A Name or Path is more useful as a label to define or refer to something using human textual names. Much like our own name, we could add more (aliases) or change them (deprecate, rename). This is more useful to the human.

An Identity is more useful as a unique identity which is immutable; whatever that something is always has the same unchanging identity. This is more useful to the computer.

Identity

For Identity we could use a GUID or UUID.

I think initally it would be best that Identity composes and hides this decision as much as possible:

class Identity
{
    property Value : Int128

    @private
    property ID : GUID
}

The Identity has a Value (initially an 128-bit integer), and internally we would use a standard GUID or UUID type.

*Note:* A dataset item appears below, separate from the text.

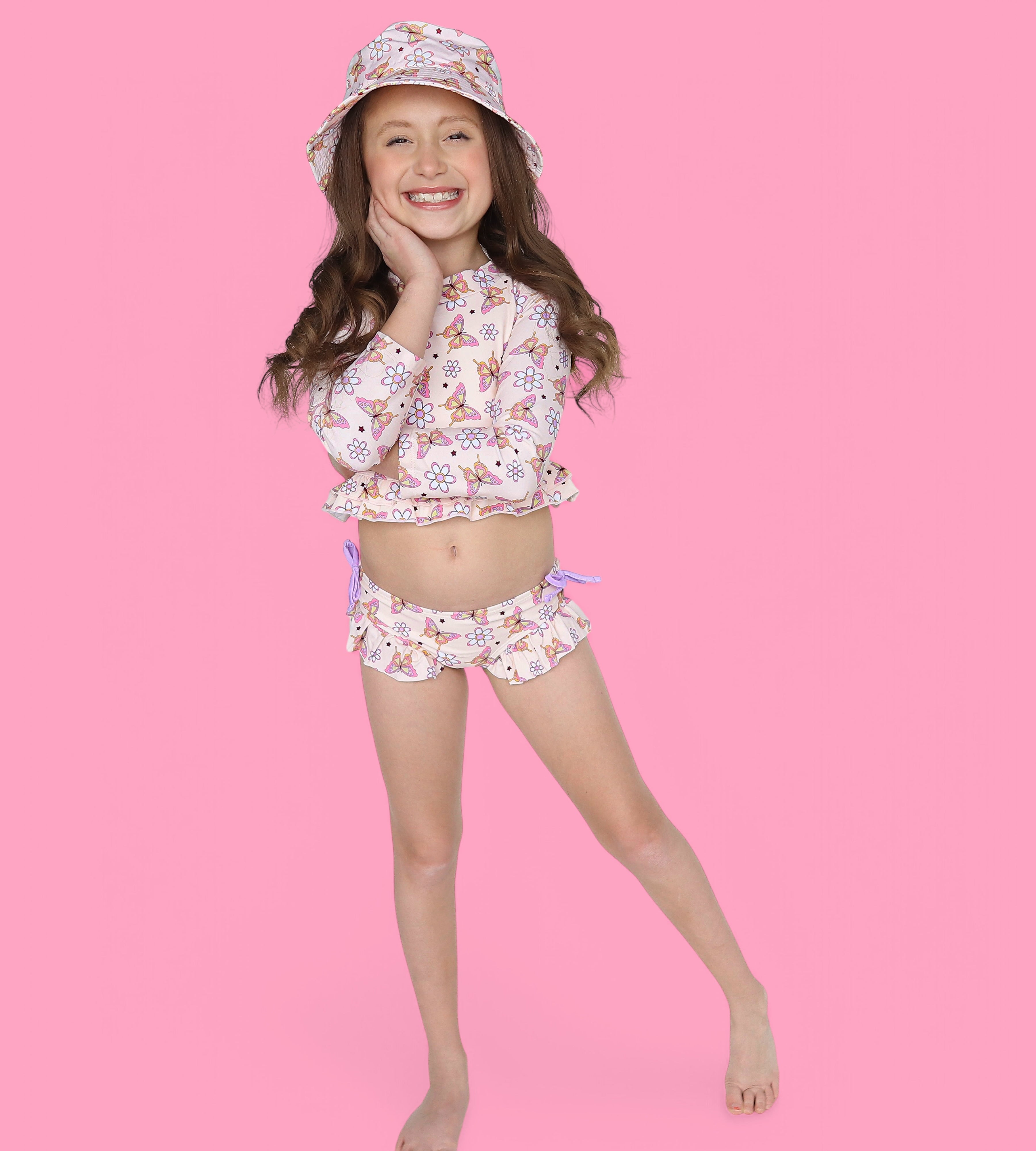 BLOSSOMIN' BUTTERFLY DREAM 2-PIECE RASH GUARD RUFFLE SWIM SUIT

Definitions and References

We will also need Definition and Reference types to represent definitions and references to class et. al.

Definition

All definitions such as classes, functions, local variables and parameters would be sub-types of Definition:

class Definition
{
    property ID : Identity
    property Path : Path 
    property Aliases : Sequence<Path>
    property References : Sequence<Reference>
}

A definition would have:

  • An ID; the unique identity of this definition.
  • A Path; the current primary path (full name) of this definition.
  • Zero or more Aliases; any other known (or deprecated) names.
  • Zero or more References; any known references to this definition.

Reference

All references to classes, functions, local variables and parameters would be sub-types of Reference:

class Reference
{
    property Path : Path 
    property Definition : Definition?
}

A Reference has:

  • A Path; the current primary path (or name) of this reference.
  • An optional Definition; the currently “bound” definition with the given Path.

Semantic Analysis Types

During the Semantic Analysis phase of compilation, we will also need “Binding” and Scope processes and types to manage linking Definition and Reference instances (class definitions and class references by name for example).

Binding

The process of “Binding” is where all Reference instances are bound by name to their respective Definition. Typically binding is done during the Semantic Analysis of the compiler.

Scope

The Scope of a “Binding” would need to be modeled. The semantic analysis phase would need to build the definition scopes (packages, classes, functions) during analysis.

class Scope
{
    property Parent : Scope?
    property Owner : Definition
    property Definitions : Sequence<Definition>
    property References : Sequence<Reference>
}

A Scope has:

  • An optional Parent; the parent scope which contains this scope.
  • An Owner; the owner definition of this scope.
  • Zero or more Definitions; any known definitions in this scope.
  • Zero or more References; any known references to this definitions in this scope.

Conclusion

Not much new here, if you are very familiar with semantic analysis, names and types.

Some differences;

  • the language reflection is explicitly modeled by types,
  • the definitions have mutable Path or Name to allow for renaming.
  • the definitions are uniquely identified using Identity (guids).

Some thoughts:

  • Using Identity allows for definitions to be stored in databases.
  • Harth itself will almost certainly not use SQL or no-SQL directly.
  • The most often used refactoring “Rename” should be a little easier to implement;
    • require changing the name/path of all known and bound Reference and Definition instances,
    • require the binding process to have completed successfully,
    • have the invariant that the bindings remain immutable (the same) once renaming is complete.
    • should therefore be both global and stable.